The Oscar talk also seems a little premature, and far too reverent. Pitt is fine but this is a long way from his best and the kind of super-jock performance he's always been able to do in his sleep. The script, likewise, is perfectly enjoyable but it isn't Sorkin-esque. Rarely do conversations ignite with his madcap machine-gun fire dialogue and on several occasions we slip into sporting expositional cliches; 'I want to win so bad', says Beane at one point, hardly a necessary statement.
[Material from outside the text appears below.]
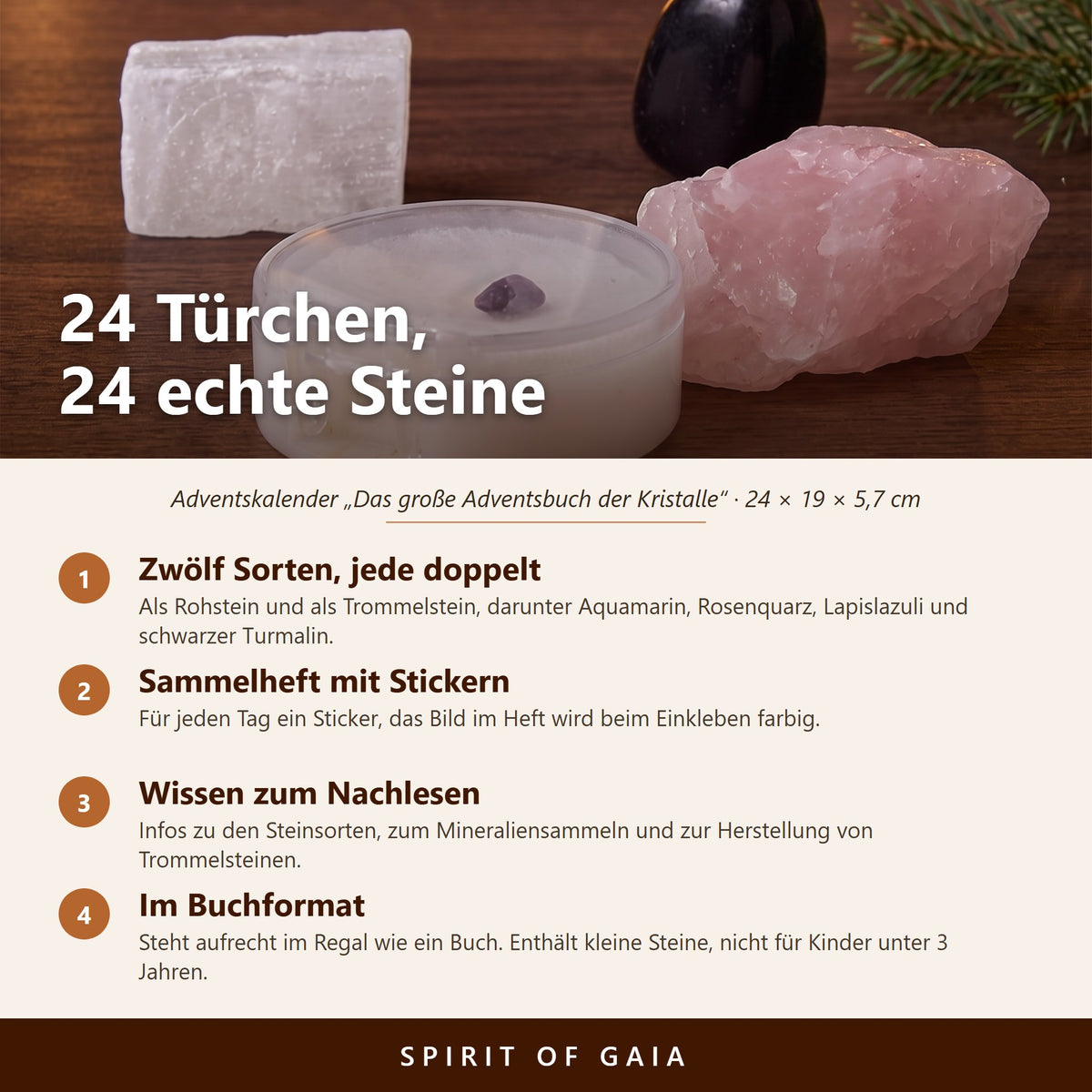 Infografik zum Adventsbuch der Kristalle: zwölf Steinsorten doppelt, Sammelheft mit Stickern, Buchformat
Perhaps the impression given off here is one of disappointment where the reality was anything but. Equally, Moneyball's flaws were, to me, obvious, although making a film this enjoyable out of book based largely on the innovative use of statistics must be commended.




Look further...

'[Bennett] Miller... has managed to craft a sports movie that sits happily alongside the likes of Friday Night Lights, Raging Bull and Drive, He Said in so much that they transcend perception, and ought to appeal to an audience ambivalent towards or unfamiliar with the sports at the centre of their narratives' - Hope Lies

4 comments:

  1. I didn’t love this but I have to say I really liked how everything came together real well, especially Pitt’s performance. He’s getting older day by day and keeps on looking more and more like Robert Redford but he is owning just about everything he’s apart of. Good review.

    ReplyDelete
  2. Saw this yesterday and I enjoyed quite a bit, certainly one of the better films I've seen in the last few months. Was impressed by all in the film (although like Beane's management style, it kept away from the player's inner lives which would seem to be just as interesting a topic for the film to cover).

    I haven't read the book and I'm not familiar wth the mechanics of baseball at all (bottom of the ninth?) but it was consistent, a bit low key especially compared to other American sports dramas like Any Given Sunday (which I love) but I appreciated that aspect of it. Came away very interested in the minutiae of sports business (something I've always been interested in). Good film.

    ReplyDelete
  3. Dan - the Redford comparison is a good one. Part of the reason they work so well in SPY GAME is due to their similar styles. I'm looking forward to catching up with THE TREE OF LIFE and seeing how he does in that.

    desertofreel - To be fair to your first point, the book does that as well really so I can understand the film not prying in to that area but yes, there are huge amounts of material there (I think David Justice was Mr Halle Berry) at one point). Like this, a book called GAME OF SHADOWS should fascinate even non-baseball fans.

    Bottom of the 9th: a baseball game has 9 innings. Each team have a turn batting during an inning; the away team bat first in the 'top', the home in the 'bottom'. The bottom of the 9th is the last inning of the game. Agree that the low key aspect of it is a major plus.

    ReplyDelete
  4. I haven't seen this yet but want to. The whole concept of moneyball intrigues me and having followed the success of it and seen what the Oakland Athletics achieved I'm interested to see how that translates to the screen. Good review.